To answer this question, we first must look at why people go out to eat in the first place.  As humans, we are social beings. Anthropologists have long attributed our need for social connection to how we stayed close to each other to face survival challenges through the ages. It goes beyond that.  Our vision can detect even the most minute changes in how someone is looking at us. Our hearing can quickly identify and categorize a multitude of tones.  We are literally made to interact with the world and those interactions are connected to how we feel, and how we categorize our experiences. 

Future of indoor dining

Dining in a restaurant not only provides us with a way to satisfy our hunger for food, but it also satisfies our all-important need for social interaction. Restaurant owners should not forget that.  In the race to focus on a multitude of delivery platforms, ghost kitchens and self-service, it would be a mistake to discount the most cherished need of the past 18 months: human contact.

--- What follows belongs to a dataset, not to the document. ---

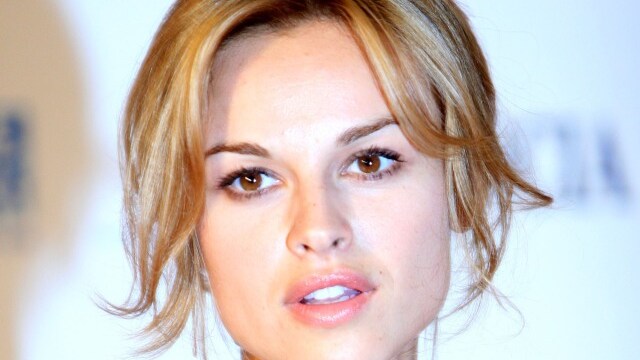 Divisa a metà tra il ricordo dell'uomo che ha amato e quello che le ha restituito la voglia di lottare, Kasia Smutniak racconta la sua nuova vita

It would not only help to look at lessons on how we behaved during the pandemic but by also looking at how we are exiting it. The hotel industry is reporting that it is now high season year-round. Even with higher prices than usual, there isn’t enough supply to meet demand – but only for destinations that are memorable.

Final thoughts

For dine-in restaurants, the focus should be on “high touch” while fully integrating their online, mobile, phone and call center guest experience so it is automatic for operations and frictionless for the guest.  Solutions like pointofsale.cloud allow restaurateurs to bring in-house this level of technology, allowing every guest to be treated the way they want to be treated while freeing up dine-in staff to create memorable guest experiences.

It is not a one-size-fits-all world anymore.  You must use each guest service channel in the most appropriate way possible, and when it comes to dine-in, we can’t forget that we go to restaurants for more than a transaction. We go for that smile and for that interaction. Technology should enable that, but it should not replace it.